Isn't Hipkins paid an enormous salary to contribute to the best welfare of NZers ?
Still following mummy's orders ?
Can't be trusted with anything let alone the welfare of 5 million people.
About as useful as Ginny Andersen, who makes me cringe every time she shows up on Hosking's radio interview - what a waste of oxygen.
Can I say I am not surprised.
The visions of the article, and the posted comments, by the revelation, thru this article we have been introduced to -
"The man who never was".
Or will be!
My angst being, I have know the Chipster's pathway, from the time Trevor Mallard "shoulder tapped" him, yet no one within Media Circles at Parliament, when he became a "flunky" for Mallard, did not pick up on his inabilities then.
Same can be said for Ardern and her working for H Clark for 9 years - no body did a 'deep dive' on her & her abilities, then, or when she became a Labour List MP during the Key Govt of 9 years.
That same analogy, thought, question, can be applied to any Labour MP, currently sitting in the Opposition Seats, none have demonstrated capability, with exception to the Gent from the Wairarapa, who shows more Lenin complexity, than political nous.
One wonders, where the Labour Party would be - now, if Andrew Little had been left to lead, but sadly he was undermined, by who or whom?
Every single commenter, including of course the author, identifies the parlous state of the political system that now infests this nation.
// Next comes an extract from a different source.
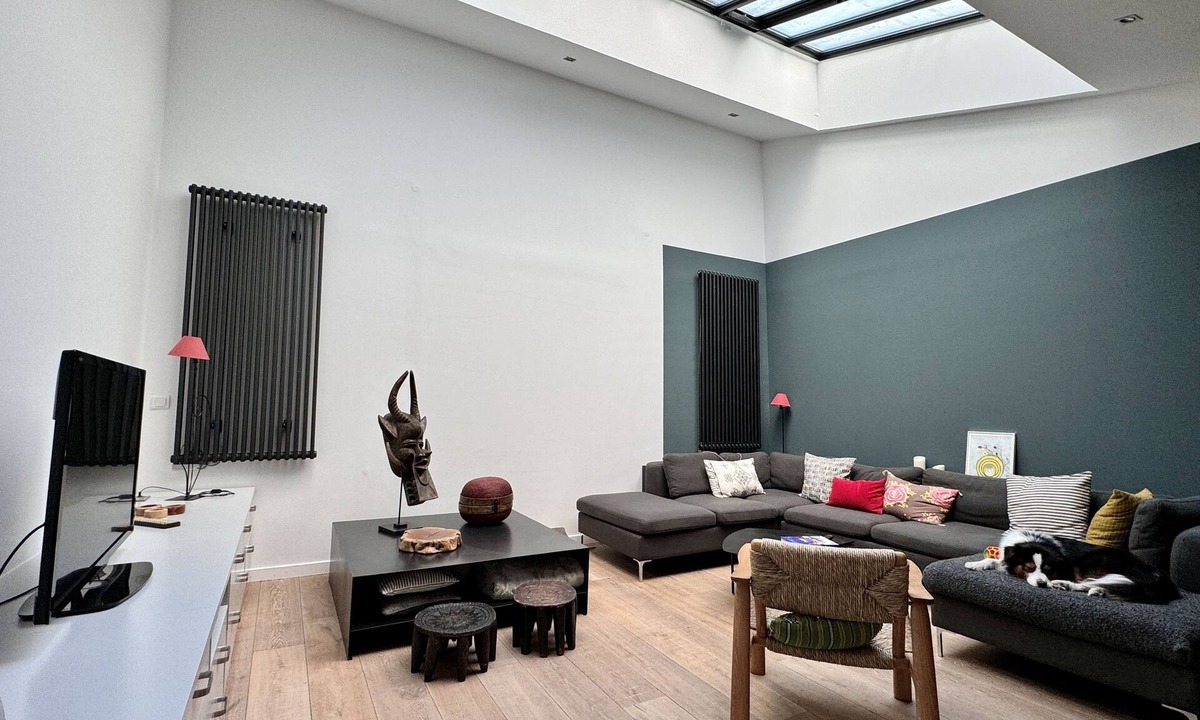 Quartier de la Goutte-d'Or Apartment | Montmartre at 500m! Large Loft Nestled in a Quiet Courtyard, in a Vibrant Area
But… no-one seems to note that continuing this farce will never improve its results. In fact they will in my opinion guarantee continuing decay. Political parties have reached the point where they can never be or provide a solution. They are, indeed, the problem. Is no-one capable of suggesting a suitable alternative?
Hipkins is a real liability. He wants power at any price. He would entertain a Nat/Lab. unity government. But a Lab./Green coalition would be the most dangerous - the Greens will insist on their disastrous tax policy as a bargaining chip. This would destroy what is eft of NZ's middle class. For Hipkins, this would be the price for power.
To Anon 7.33: some NZ iteration of the Swiss system... but getting rid of MMP is a huge process - it suits too many people. Meanwhile a Labour/Green coalition in 2026
( with the Greens' tax policy accepted) , then the NZ taxpayer base will be obliterated.
Janine said...
• Citizens were obliged to fund their own opposition to the confiscation of their access to land and sea.
• All parties watched the Wellington protests from a distant parliament window.
A complete overhaul of our government process is required and a return of a fair, democratic, one person one vote system.
It has become a uni-party system with the populace shut out. We vote, but they subsequently ignore us.
Yes, Janine, we need a new system, not just new parties. We need a complete overhaul of our government process.
Would a new voter owned Citizens' Initiative Referenda process fit the bill?
Anonymous at 5.40. We should be doing deep dives on every contender for a political seat in both central and local government and on all quangoes.
To Anonymous at 7.33pm: Is no-one capable of suggesting a suitable alternative? Yes the Voters can by adopting a voter owned Citizens Initiative Referenda process belatedly following the Swiss example of 1874. Working on it. It will depend upon voters joining.